Case ID: mass_393/html/1001-01.html
Source: Caselaw Access Project
Author: {"author": "", "license": "Public Domain", "url": "https://static.case.law/"}
Date Created: 2024-08-24T03:29:51.129683

Richard A. Palaza vs. Superior Court.
    October 1, 1984.
    
      Constitutional Law, Self-incrimination.
    The Commonwealth appeals from an order by a single justice of this court vacating an order by a judge in the Superior Court. The Superior Court judge ordered a witness, Richard A. Palaza, to testify in the forthcoming trial of Jeffrey R. Jones. Palaza petitioned the single justice, seeking relief under G. L. c. 211, § 3. The pertinent facts underlying this controversy are set forth in Petition of the Dist. Attorney for the Plymouth Dist., 391 Mass. 723 (1984). We have issued an order affirming the order of the single justice, and now set forth our opinion.
   The Commonwealth has conceded that in the absence of waiver or of a grant of immunity pursuant to G. L. c. 211, § 3, Palaza has a valid Fifth Amendment claim. The Commonwealth contends that Palaza waived his Fifth Amendment privilege for all future questioning about the incident by testifying before the grand jury. In the alternative, the Commonwealth argues that the single justice made a clear error of law in refusing to exercise the court’s supervisory power under G. L. c. 211, § 3, to grant immunity to Palaza. We disagree as to both contentions.

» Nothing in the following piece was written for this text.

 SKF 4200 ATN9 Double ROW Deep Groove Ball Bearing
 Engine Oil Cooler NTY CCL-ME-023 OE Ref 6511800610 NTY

The question of Palaza’s waiver of his Fifth Amendment privilege by having testified previously before a grand jury is controlled by our decision in Commonwealth v. Borans, 388 Mass. 453 (1983). In Borans we concluded that any waiver of Borans’s privilege at a grand jury proceeding did not continue to his testimony as a witness at the trial of William Reinstein. Id. at 458. Similarly, any waiver by Palaza at the grand jury proceedings does not extend to the testimony sought from him by the Commonwealth at the Jones trial. The Commonwealth argues that the Borans case can be distinguished from the present case because Borans testified to a grand jury which indicted both Borans and Reinstein; and Palaza, already having been indicted, testified to a grand jury which subsequently indicted only Jones. It is unclear from the record whether Palaza had been indicted when he testified. Assuming that he had, we find that the Commonwealth’s argument presents no meaningful distinction. Palaza is under threat of prosecution for perjury, as was Borans. Borans, supra at 459 n.14. Palaza also has at stake possible incrimination as to the crimes of conspiracy, G. L. c. 274, § 7; accessory after the fact, G. L. c. 274, § 5; and disposing of a dead body, G. L. c. 114, § 50.

Robert S. Sinsheimer, Assistant District Attorney, for the Commonwealth.

The Jones trial and the earlier grand jury proceedings in which Palaza testified are different proceedings for the purposes of Palaza’s assertion of his Fifth Amendment privilege. The Commonwealth urges us to follow the decision in Commonwealth v. Weed, 17 Mass. App. Ct. 463, 465-467 (1984). We decline to do so. Weed relied, in part, on dicta in Matter of DeSaulnier (No. 2), 360 Mass. 761, 766 (1971). Any dicta in DeSaulnier have now been modified by our decision in Borans. “It is the majority rule that waiver by testimony is limited to the proceeding in which it is given and does not extend to subsequent proceedings. 8 J. Wigmore, [Evidence] § 2276 at 458 (1961, Supp. 1975).” Borans, supra at 457, quoting Taylor v. Commonwealth, 369 Mass. 183, 190-191 (1975).

We need not reach the question whether this court has the power to grant immunity under G. L. c. 211, § 3, or as part of its inherent powers, since orders entered by a single justice under G. L.c. 211,§ 3, are not to be disturbed, absent abuse of discretion or clear error of law. Schipani v. Commonwealth, 382 Mass. 685 (1980). The single justice stated in her order that, regardless of the legal issue, if it were within her power to do so, she would not grant immunity. Her reasons were, among others, that she might be immunizing Palaza from a possible charge of peijury and that the Commonwealth’s request had come late. We discern no error of law or abuse of discretion in the single justice’s denial of the Commonwealth’s request.